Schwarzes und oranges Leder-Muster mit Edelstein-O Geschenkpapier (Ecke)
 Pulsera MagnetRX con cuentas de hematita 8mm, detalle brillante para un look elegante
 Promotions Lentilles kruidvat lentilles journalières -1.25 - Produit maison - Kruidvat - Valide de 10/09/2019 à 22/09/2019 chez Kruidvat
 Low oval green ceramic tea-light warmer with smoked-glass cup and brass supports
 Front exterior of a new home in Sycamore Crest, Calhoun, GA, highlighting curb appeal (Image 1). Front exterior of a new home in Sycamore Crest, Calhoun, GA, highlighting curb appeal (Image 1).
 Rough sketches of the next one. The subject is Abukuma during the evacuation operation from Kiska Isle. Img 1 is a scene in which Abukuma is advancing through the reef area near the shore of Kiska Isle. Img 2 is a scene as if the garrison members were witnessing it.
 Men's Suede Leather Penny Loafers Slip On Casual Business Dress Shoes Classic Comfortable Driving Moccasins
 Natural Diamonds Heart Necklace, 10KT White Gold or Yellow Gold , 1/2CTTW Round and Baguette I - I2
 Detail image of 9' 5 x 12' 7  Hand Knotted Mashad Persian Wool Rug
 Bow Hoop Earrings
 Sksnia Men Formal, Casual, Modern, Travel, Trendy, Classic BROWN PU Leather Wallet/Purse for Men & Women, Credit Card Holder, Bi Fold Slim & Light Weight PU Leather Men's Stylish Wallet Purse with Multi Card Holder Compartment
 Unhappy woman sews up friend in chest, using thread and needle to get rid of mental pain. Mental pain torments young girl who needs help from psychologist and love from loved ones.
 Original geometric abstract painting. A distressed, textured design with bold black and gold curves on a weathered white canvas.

• **TASK TO COMPLETE**
Could you transcribe the entries above word for word, from the line with "Promotions Lentilles kruidvat" down to the line with "(Image 1). Front", keeping both?

• **ANSWER TO THE PROBLEM**
 Promotions Lentilles kruidvat lentilles journalières -1.25 - Produit maison - Kruidvat - Valide de 10/09/2019 à 22/09/2019 chez Kruidvat
 Low oval green ceramic tea-light warmer with smoked-glass cup and brass supports
 Front exterior of a new home in Sycamore Crest, Calhoun, GA, highlighting curb appeal (Image 1). Front exterior of a new home in Sycamore Crest, Calhoun, GA, highlighting curb appeal (Image 1).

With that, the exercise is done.